A quel punto, divenne evidente che il negoziato andava concluso per evitare un collasso generale dei rapporti italo-jugoslavi che nessuno voleva. Di fronte ai tradizionali incagli, la soluzione sul piano del metodo venne dall’attivazione di un canale negoziale alternativo, che era già stato preparato segretamente nel 1973 dai ministri degli esteri Medici e Minić, affidandolo al Direttore Generale del Ministero dell’industria Italiano, Eugenio Carbone, ed al Sottosegretario presso il Ministero del Commercio Jugoslavo, lo Sloveno Boris Šnuderl. Una scelta del genere già lasciava intuire la preferenza dei due governi per uno spostamento dell’asse del negoziato verso il terreno delle intese economiche, decisamente più praticabile rispetto ai vicoli ciechi dei contenziosi politico-territoriali, anche se ovviamente i due negoziatori vennero assistiti da rappresentanti dei rispettivi Ministeri degli esteri.
Il canale in effetti funzionò, anche perché i due grandi nodi vennero rimossi con una scelta politica dall’alto. In coerenza con l’opinione prevalente all’interno della carriera diplomatica, il governo italiano decise di rinunciare alla compensazione simbolica in zona B, puntando invece a più concrete compensazioni di natura politica – ad esempio, sulla questione delle minoranze – ed economica. A quest’ultimo riguardo, il negoziatore italiano riprese la richiesta di ampliamento della zona industriale di Trieste in territorio jugoslavo, spostando però la ricerca dei terreni necessari dalla zona B al Carso triestino, dove il confine era già definito e dove le aree disponibili erano assai più vaste. Prese corpo in tal modo, su richiesta italiana, l’ipotesi di creare un nuovo distretto industriale alle spalle della città, destinato a risolvere il problema del mancato sviluppo di Trieste vuoi in maniera diretta – generando cioè occupazione – vuoi indiretta, mediante l’incremento dei traffici portuali. A cavaliere del confine quindi sarebbe stata ricavata una zona franca, capace di attrarre investimenti per prodotti diretti all’esportazione facendo convergere le energie imprenditoriali delle aree più dinamiche dei due Paesi, il nord Italia e quella Slovenia che non vedeva l’ora di evadere dalle gabbie del sistema comunista. Da parte sua il governo di Belgrado rinunciò sia all’estensione delle norme di tutela della minoranza slovena alla provincia di Udine, sia al droit de regard, accontentandosi di due dichiarazioni d’intenti unilaterali simmetriche.

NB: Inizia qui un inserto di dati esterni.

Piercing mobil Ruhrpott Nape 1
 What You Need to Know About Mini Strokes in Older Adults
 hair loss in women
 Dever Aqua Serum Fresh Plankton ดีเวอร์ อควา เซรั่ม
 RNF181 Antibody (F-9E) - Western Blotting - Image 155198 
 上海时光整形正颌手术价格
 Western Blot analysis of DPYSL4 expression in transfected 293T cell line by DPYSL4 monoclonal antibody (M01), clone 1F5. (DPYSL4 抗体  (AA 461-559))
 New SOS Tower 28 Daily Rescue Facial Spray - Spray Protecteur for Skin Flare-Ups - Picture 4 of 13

Alla fine del 1974 l’accordo era quindi raggiunto, ma dapprima la caduta del quinto governo Rumor e poi la richiesta italiana di attendere le elezioni amministrative del giugno1975, fecero slittare la ratifica parlamentare appena all’autunno. Di conseguenza, la firma giunse il 10 novembre in quel di Osimo.
Le cancellerie occidentali applaudirono, i due governi s’industriarono a presentare l’accordo come il primo raggiunto nello “spirito di Helsinki”, anche se un legame diretto fra il negoziato italo-jugoslavo e quello per la CSCE non c’era mai stato; l’URSS abbozzò; l’opinione pubblica italiana quasi non si accorse dell’accaduto, mentre quella locale triestina protestò, com’era largamente previsto, ma in una misura ed in forme che sorpresero un po’ tutti.